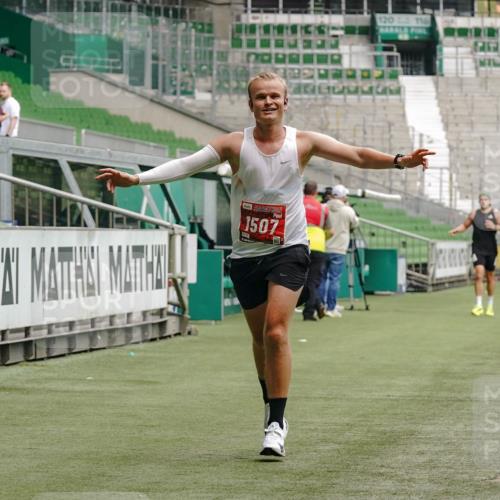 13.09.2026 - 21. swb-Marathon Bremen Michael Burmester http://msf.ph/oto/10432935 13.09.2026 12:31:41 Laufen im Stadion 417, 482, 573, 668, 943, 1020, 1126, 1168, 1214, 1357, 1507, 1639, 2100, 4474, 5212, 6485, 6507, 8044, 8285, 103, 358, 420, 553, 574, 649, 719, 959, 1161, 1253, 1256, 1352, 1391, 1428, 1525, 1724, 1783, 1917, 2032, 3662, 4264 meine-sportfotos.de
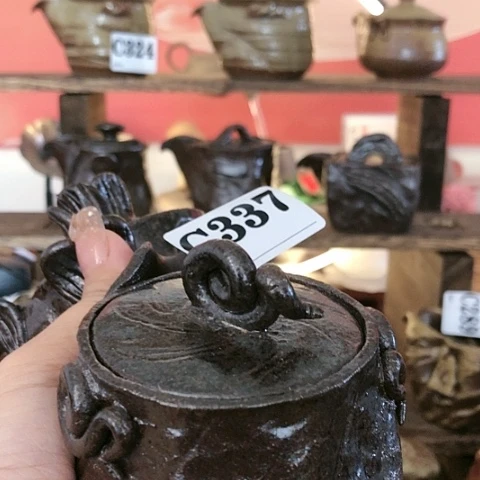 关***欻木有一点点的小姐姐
======
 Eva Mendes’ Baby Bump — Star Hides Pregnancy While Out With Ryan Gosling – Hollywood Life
======
* _Task to carry out_: Range to print from the listing above: from the line with "13.09.2026 - 21." up to and including the line with "关***欻木有一点点的小姐姐". Please print those lines exactly, with no pictures and nothing more.

* _Expected answer_:
 13.09.2026 - 21. swb-Marathon Bremen Michael Burmester http://msf.ph/oto/10432935 13.09.2026 12:31:41 Laufen im Stadion 417, 482, 573, 668, 943, 1020, 1126, 1168, 1214, 1357, 1507, 1639, 2100, 4474, 5212, 6485, 6507, 8044, 8285, 103, 358, 420, 553, 574, 649, 719, 959, 1161, 1253, 1256, 1352, 1391, 1428, 1525, 1724, 1783, 1917, 2032, 3662, 4264 meine-sportfotos.de
 关***欻木有一点点的小姐姐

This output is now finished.